▸ **Input material**
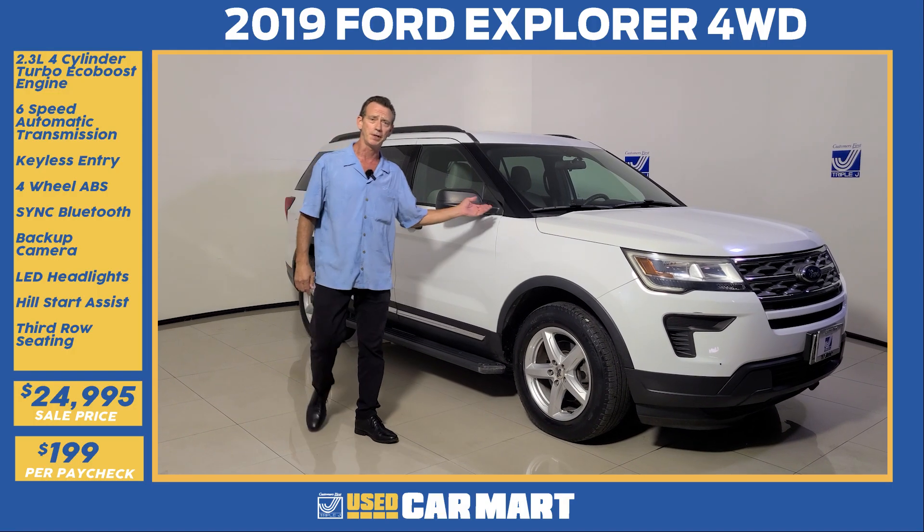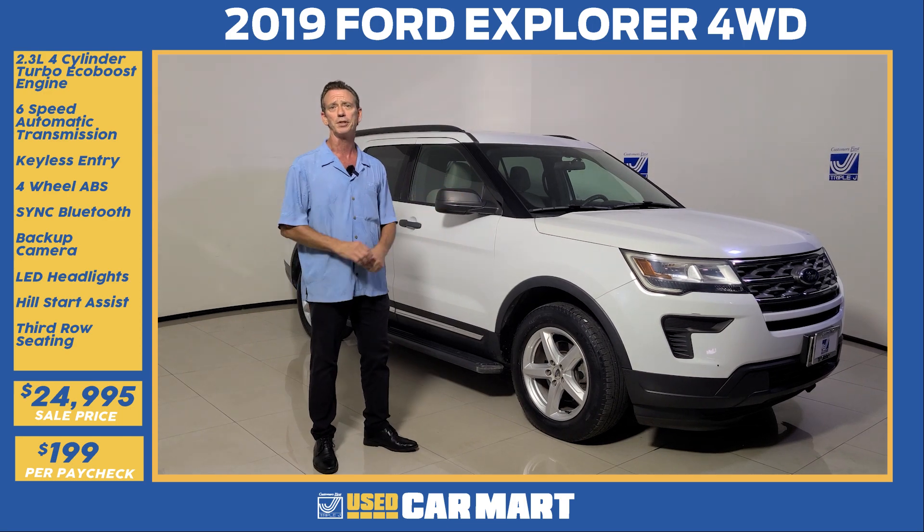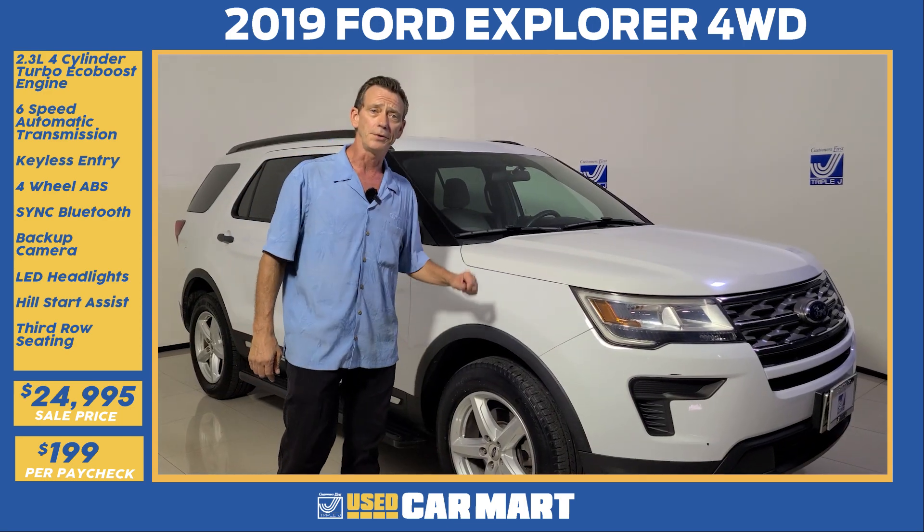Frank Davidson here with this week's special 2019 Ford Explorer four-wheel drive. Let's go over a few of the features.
--
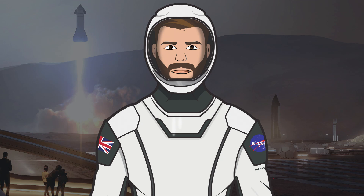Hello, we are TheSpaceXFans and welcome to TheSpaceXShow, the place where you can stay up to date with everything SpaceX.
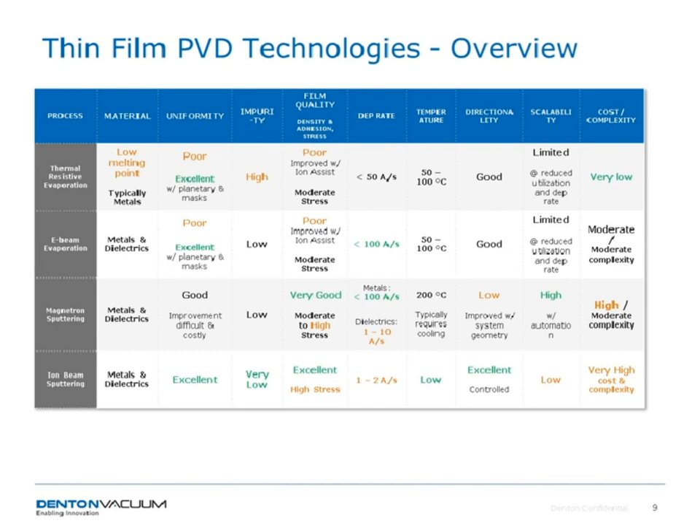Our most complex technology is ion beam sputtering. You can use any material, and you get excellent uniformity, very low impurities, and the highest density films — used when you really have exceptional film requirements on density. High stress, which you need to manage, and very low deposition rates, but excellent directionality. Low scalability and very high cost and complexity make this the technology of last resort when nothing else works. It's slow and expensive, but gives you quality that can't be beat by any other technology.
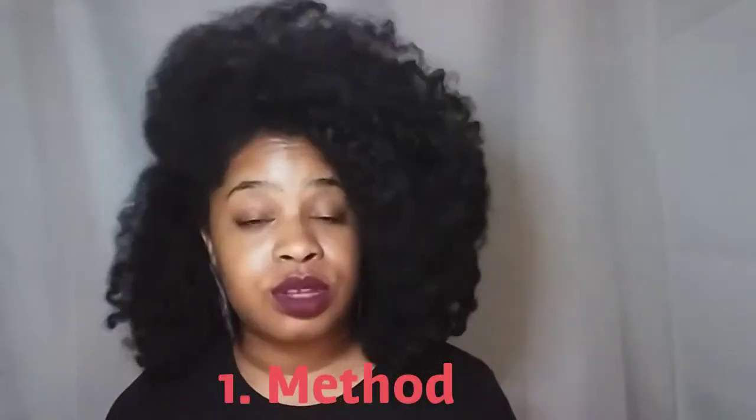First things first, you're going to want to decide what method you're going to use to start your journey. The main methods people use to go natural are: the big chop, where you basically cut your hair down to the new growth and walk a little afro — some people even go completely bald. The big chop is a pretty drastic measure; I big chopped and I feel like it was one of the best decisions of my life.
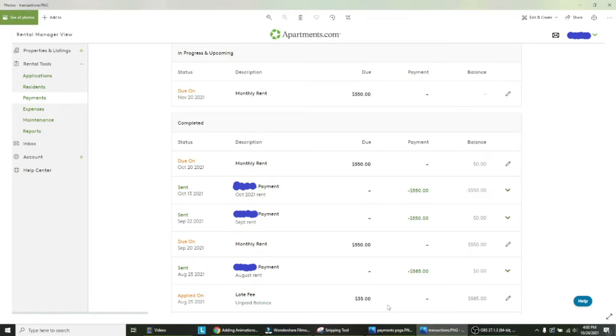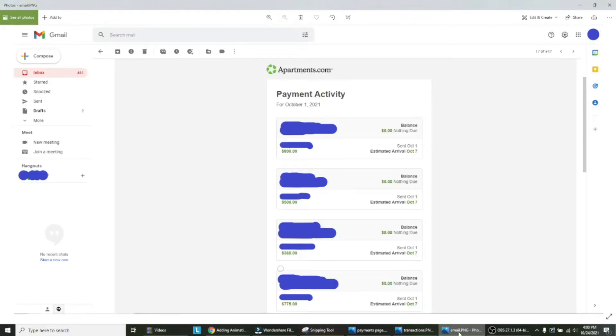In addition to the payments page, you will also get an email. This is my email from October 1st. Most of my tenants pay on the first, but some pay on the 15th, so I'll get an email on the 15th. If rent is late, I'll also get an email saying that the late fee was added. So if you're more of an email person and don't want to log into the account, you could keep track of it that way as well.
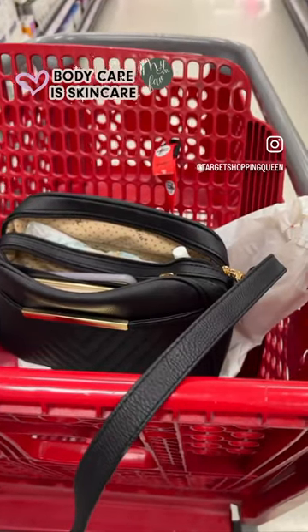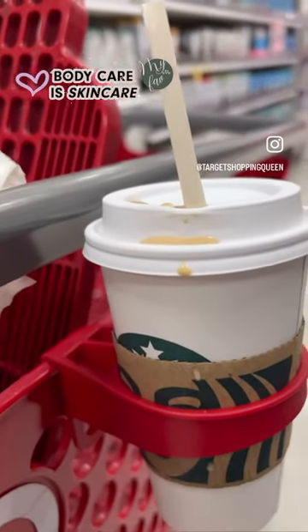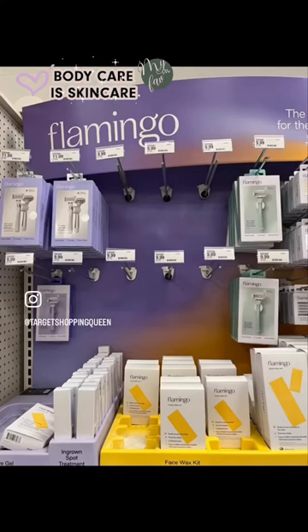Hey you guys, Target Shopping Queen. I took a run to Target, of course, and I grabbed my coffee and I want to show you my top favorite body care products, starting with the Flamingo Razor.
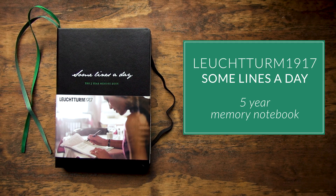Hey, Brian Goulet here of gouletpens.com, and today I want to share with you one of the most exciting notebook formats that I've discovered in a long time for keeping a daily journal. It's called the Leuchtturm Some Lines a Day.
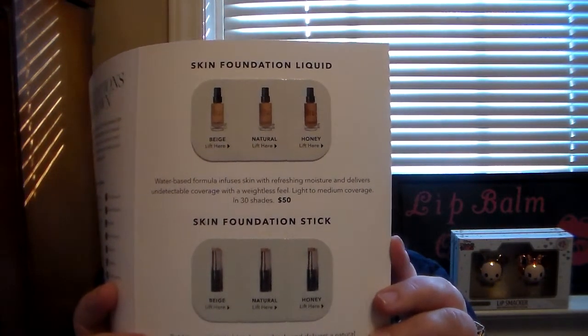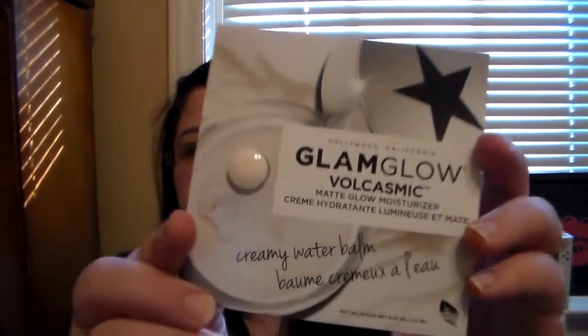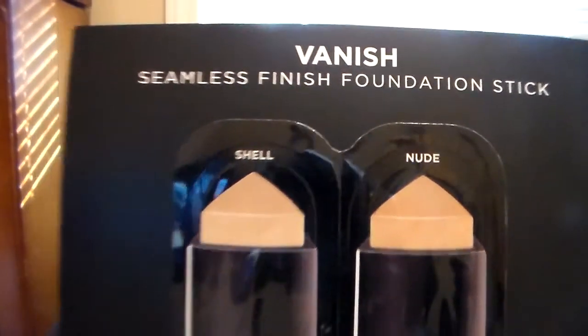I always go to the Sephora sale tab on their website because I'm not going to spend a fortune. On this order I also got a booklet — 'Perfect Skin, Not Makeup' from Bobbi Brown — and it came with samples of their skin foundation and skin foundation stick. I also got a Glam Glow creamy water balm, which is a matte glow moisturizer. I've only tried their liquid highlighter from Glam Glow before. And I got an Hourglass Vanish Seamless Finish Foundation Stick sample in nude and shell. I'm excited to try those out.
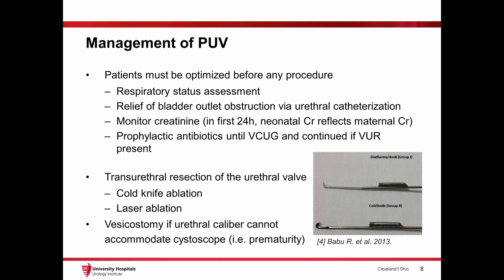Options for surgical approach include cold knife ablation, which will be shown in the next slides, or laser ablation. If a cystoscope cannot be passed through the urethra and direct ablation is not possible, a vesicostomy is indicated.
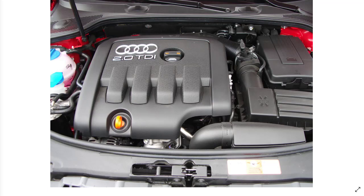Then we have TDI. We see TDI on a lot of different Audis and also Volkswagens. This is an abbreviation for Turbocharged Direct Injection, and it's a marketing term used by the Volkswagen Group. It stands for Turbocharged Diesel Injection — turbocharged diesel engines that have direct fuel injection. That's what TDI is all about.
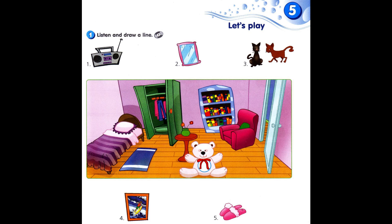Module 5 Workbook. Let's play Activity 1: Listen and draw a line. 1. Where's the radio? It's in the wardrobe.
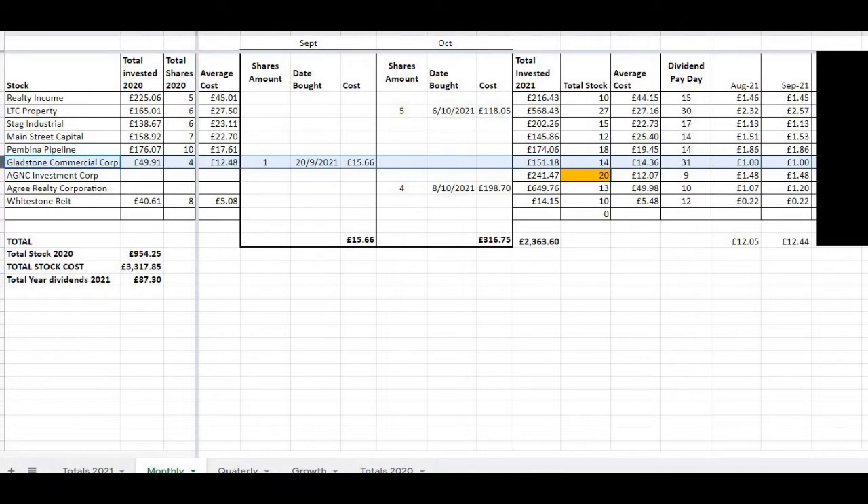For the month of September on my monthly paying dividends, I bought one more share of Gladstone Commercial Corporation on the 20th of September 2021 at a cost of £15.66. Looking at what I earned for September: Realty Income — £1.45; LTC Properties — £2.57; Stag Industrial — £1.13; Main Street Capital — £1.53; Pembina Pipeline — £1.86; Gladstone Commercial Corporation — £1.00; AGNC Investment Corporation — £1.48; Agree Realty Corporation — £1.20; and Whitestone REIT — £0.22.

▸ **Instructions for the task**
Give back, exactly and without pictures, the stretch of the records above from the line containing "Options for surgical" through the line containing "For the month", with both end lines included.

▸ **Response area**
Options for surgical approach include cold knife ablation, which will be shown in the next slides, or laser ablation. If a cystoscope cannot be passed through the urethra and direct ablation is not possible, a vesicostomy is indicated.
Then we have TDI. We see TDI on a lot of different Audis and also Volkswagens. This is an abbreviation for Turbocharged Direct Injection, and it's a marketing term used by the Volkswagen Group. It stands for Turbocharged Diesel Injection — turbocharged diesel engines that have direct fuel injection. That's what TDI is all about.
Module 5 Workbook. Let's play Activity 1: Listen and draw a line. 1. Where's the radio? It's in the wardrobe.
For the month of September on my monthly paying dividends, I bought one more share of Gladstone Commercial Corporation on the 20th of September 2021 at a cost of £15.66. Looking at what I earned for September: Realty Income — £1.45; LTC Properties — £2.57; Stag Industrial — £1.13; Main Street Capital — £1.53; Pembina Pipeline — £1.86; Gladstone Commercial Corporation — £1.00; AGNC Investment Corporation — £1.48; Agree Realty Corporation — £1.20; and Whitestone REIT — £0.22.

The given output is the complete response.